You are viewing a plain text version of this content. The canonical link for it is here.

Posted to user@kudu.apache.org by Sunil Parmar <su...@gmail.com> on 2017/11/22 00:17:53 UTC

co-locating kudu table servers with HDFS data nodes

We are using CDH 5.12 and using HDFS for our primary data storage and
Impala for querying them. Our worker node hosts both HDFS datanode and
Impalad services. We're starting to move some of our data into KUDU and
would like to understand community experiment and recommendation on
disk/machine allocation and pro/cons for each.

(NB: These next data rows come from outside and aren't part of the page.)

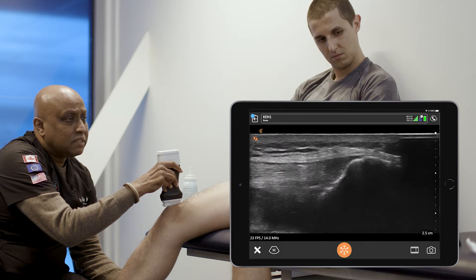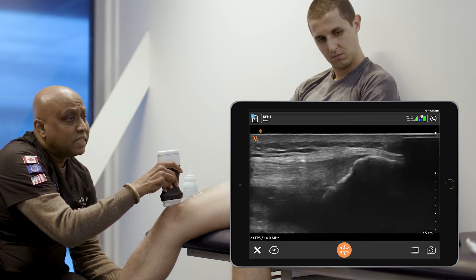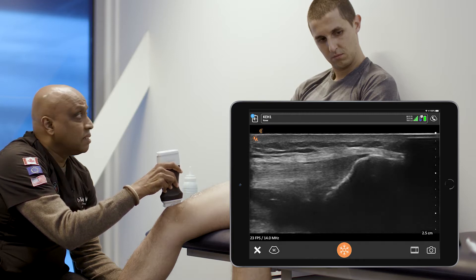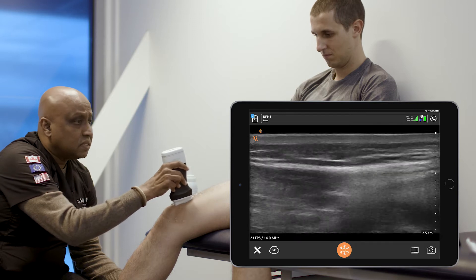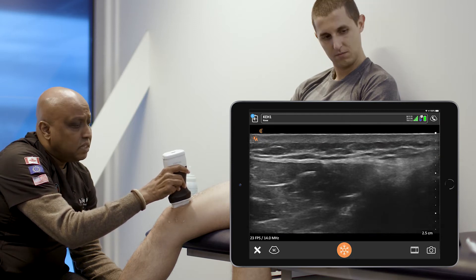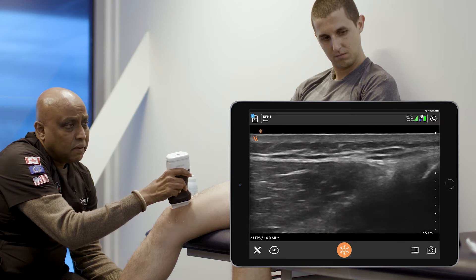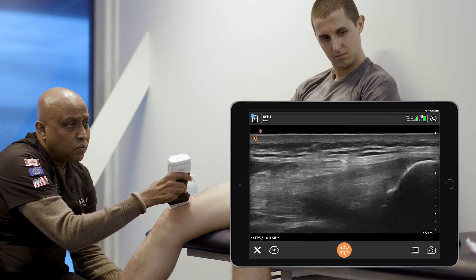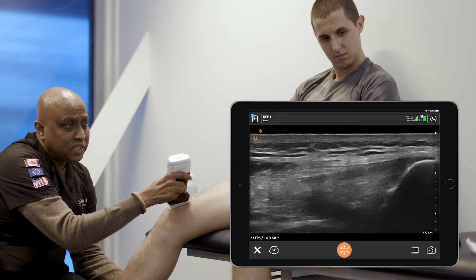Because at times, as a coach and trainer, there are requirements for them to go onto the ice with their athletes. So this is fine. I'm going to go side to side, scanning the medial aspect. No overt signs of pathological changes.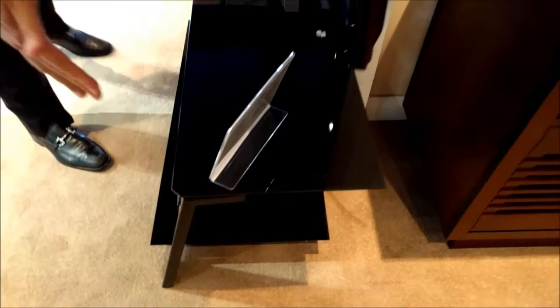Tempered safety glass is important because it's strong and resilient. All of the edges are rounded and the top shelf is attached so it can't be knocked off by an animal or a child.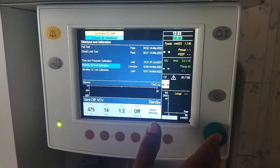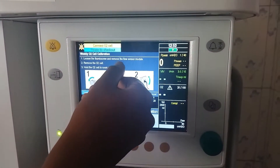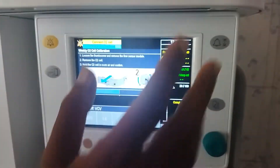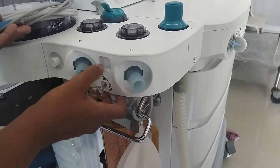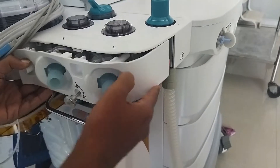Now we have pressed it. You can see the instruction: loosen the thumb screw and remove the processor module, then remove the O2 cell and hold the O2 cell in good air and unfold. You can remove the screw — be very careful while doing it, use both hands and do it slowly.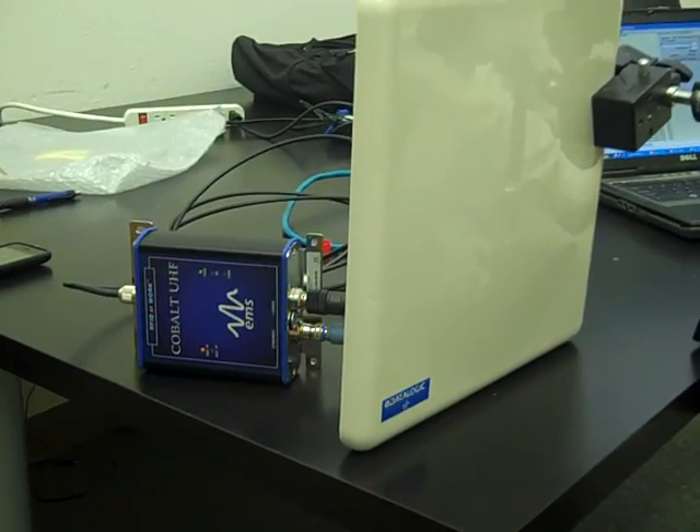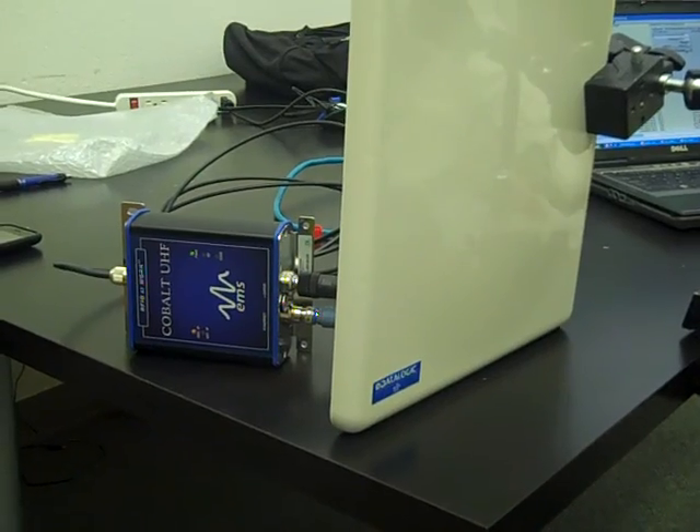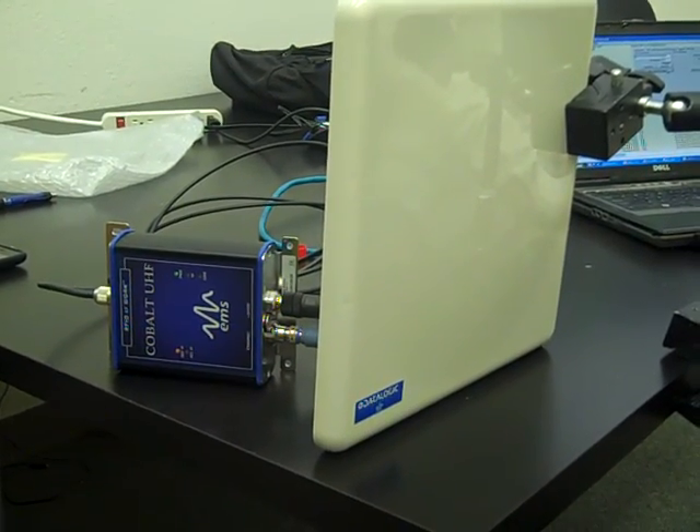This is Justin Long from PacificID. This is a first look at the Cobalt UHF RFID reading system from DataLogic.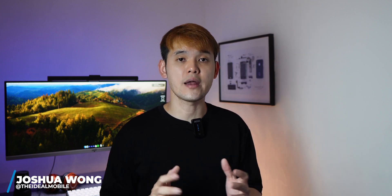Hi, my name is Joshua Wong. Welcome to Fastway episode 106. I do short and fast tech reviews on this channel — that's how the name came about.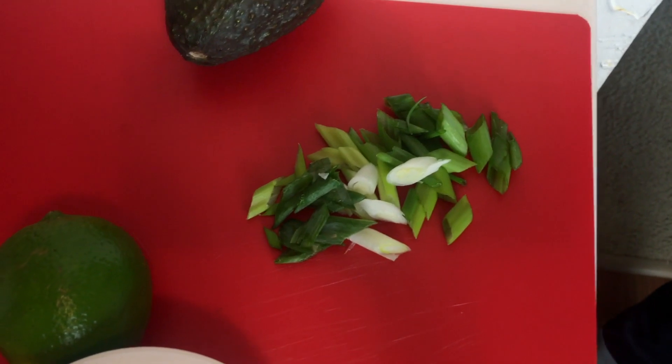Some other key ingredients that we'll be using with the nachos are salsa, lime, avocado, the old reliable Tofutti sour cream, and lastly we'll be using the same cheese sauce that we made for the quesadillas. We'll also be adding some green onion on top.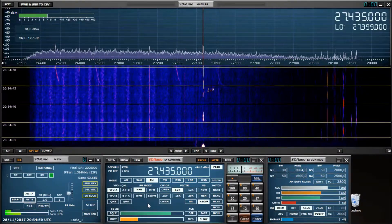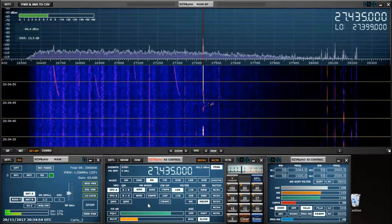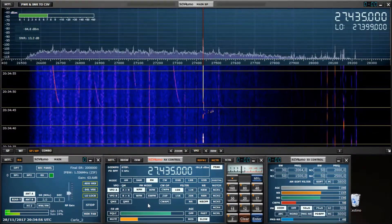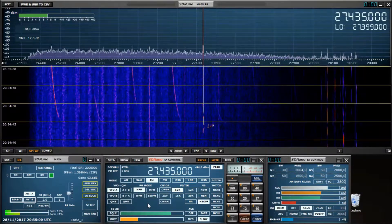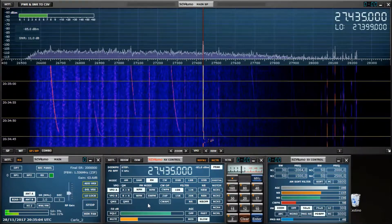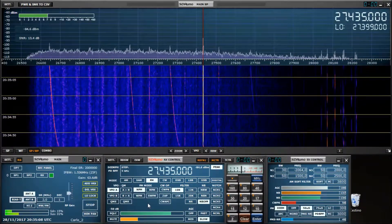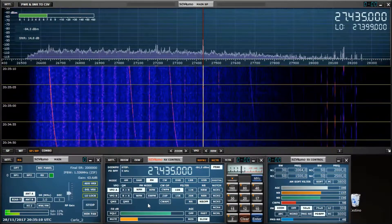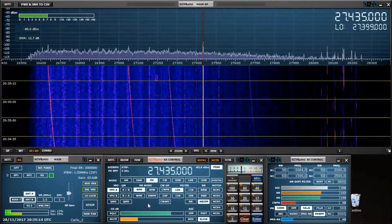Ok, eccomi qua. Questa è la loop magnetica, ti ripeto, sempre 5 Watt, stazionarie inesistenti. Vedo lo SWR meter, che c'è lo SWR meter, il roll-meter che mi sta completamente a zero.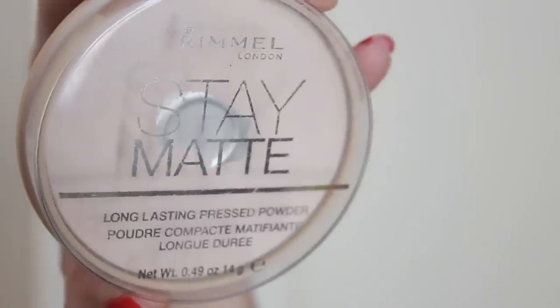To set everything into place, I'm going to use my Rimmel Stay Matte in Buff Beige with a powder brush. I'm just going to buff that all over my skin — this is going to control the oil.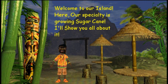Welcome to our island! Here, our specialty is growing sugarcane. I'll show you all about it.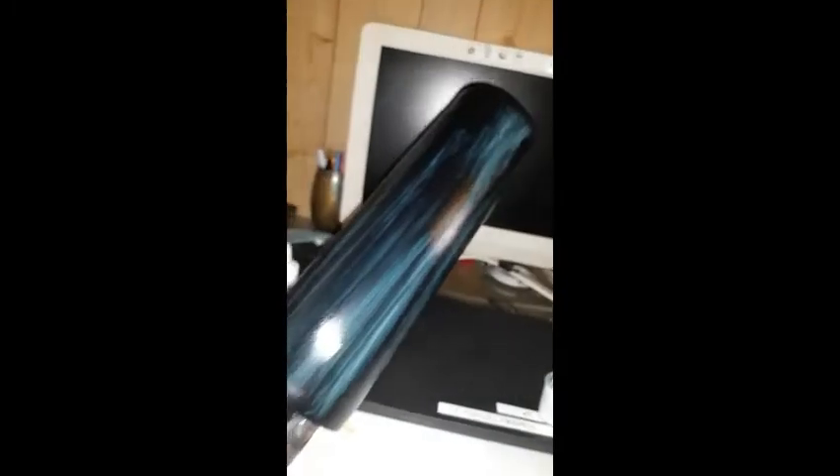One thing that's very important to make this method come out successful is making sure there are no big lines or streaks. This is just the first layer, and some of it is already starting to dry so you can see some streaks forming. I suggest going back with a second layer — you can even do a third — but be mindful: the more glue you put on, the harder the glitter will be to get off. Find your happy medium. Then let this first layer dry until the cup is completely black again.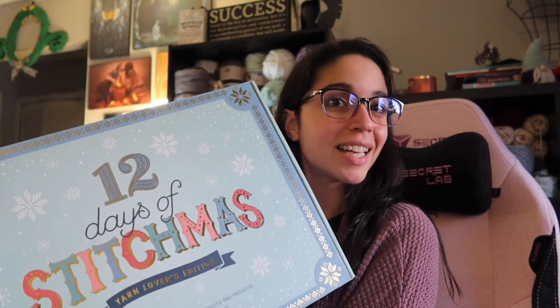Hey guys, welcome back to the Moxie Ram. So what day is it today? It is day six of Stitchmas — it is flying by, like literally flying by. It's getting pretty late here.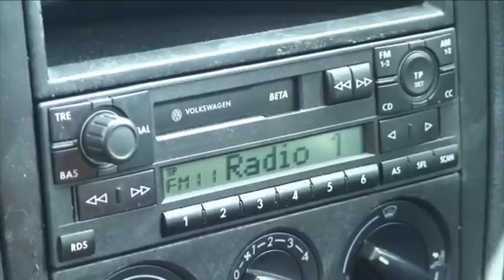Hi guys, it's Enam Gafoor here. I'm in my car at the moment and what I'm going to show you in this video is how to play music from a micro SD card to your head unit of your car.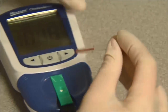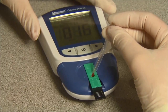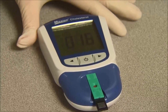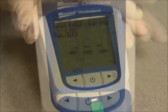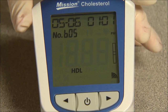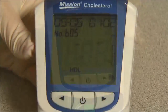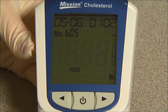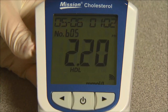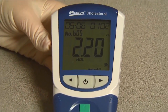Apply the blood sample to the center region of the specimen application area of the test device. The meter will begin testing automatically, with three dashes in a line flashing on the display indicating the test is in progress. Results will be displayed in 45 to 120 seconds. The meter will automatically turn off after five minutes of inactivity or when the power button is pressed.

Install KUDU tablet server on each worker node vs separate machine
Separate physical disks for KUDU tablet server on same machine vs sharing
the disk with data nodes
SSD vs spinning disks

Some more questions on separate note but kinda related to the POC
We have a small table as a first candidate for KUDU ( couple of G before
replication ) . Does KUDU tries to distribute data across tablet servers
for each table i.e. slow performance with too much sparse data. i.e. for
small table what is better fewer disk partitions ( host-partition ) vs
evenly distributed across worker nodes.

Thanks,
Sunil Parmar

Re: co-locating kudu table servers with HDFS data nodes

Posted by Andrew Wong <aw...@cloudera.com>.

Hi Sunil,

Sorry for the delayed response. Let me preface this by saying I'm not an
Impala or HDFS expert.

Sharing resources:
The "con" is that each system, Kudu, HDFS, Impala is bound to use resources
that the others could use, so HDFS could fill up space on a disk that Kudu
is using, and Kudu would then use a different disk (if it were configured
to use multiple disks). The same goes for memory, cores, etc., although
Kudu has its own ways of dealing with memory pressure, full disks, etc. The
"pro" is that you could have fewer machines.

SSD vs spinning disks:
In terms of provisioning for Kudu, I would say that, given the option, your
WAL directory should be an SSD. The WAL writes to disk on each insert,
upsert, etc., so making sure this disk is performant is important.

Distributing data:
Disk partitioning isn't particularly relevant to how Kudu distributes data
to tservers. Kudu will distribute tablets (i.e. chunks of tables that may
specify a hash or range) based on your partitioning schema
<https://kudu.apache.org/docs/schema_design.html> and replication factor,
i.e. it distributes tablets. If your table only has a single tablet and a
replication factor of 1, there will be a single chunk of data for that
table in a single location. If your schema specifies multiple tablets for
your table, then there will be multiple chunks of data for that table, each
chunk only in a single location each (although potentially different
locations per table). If you have a replication factor >1, there will be
multiple copies of these chunks.

Hope this helped,
Andrew

On Tue, Nov 21, 2017 at 4:17 PM, Sunil Parmar <su...@gmail.com> wrote:

> We are using CDH 5.12 and using HDFS for our primary data storage and
> Impala for querying them. Our worker node hosts both HDFS datanode and
> Impalad services. We're starting to move some of our data into KUDU and
> would like to understand community experiment and recommendation on
> disk/machine allocation and pro/cons for each.
>
> Install KUDU tablet server on each worker node vs separate machine
> Separate physical disks for KUDU tablet server on same machine vs sharing
> the disk with data nodes
> SSD vs spinning disks
>
> Some more questions on separate note but kinda related to the POC
> We have a small table as a first candidate for KUDU ( couple of G before
> replication ) . Does KUDU tries to distribute data across tablet servers
> for each table i.e. slow performance with too much sparse data. i.e. for
> small table what is better fewer disk partitions ( host-partition ) vs
> evenly distributed across worker nodes.
>
> Thanks,
> Sunil Parmar
>

-- 
Andrew Wong

Re: co-locating kudu table servers with HDFS data nodes

Posted by Mac Noland <mc...@gmail.com>.

'm still in Kudu kindergarten, but here is the most common configuration we
run at our client base.  Happy to take feedback.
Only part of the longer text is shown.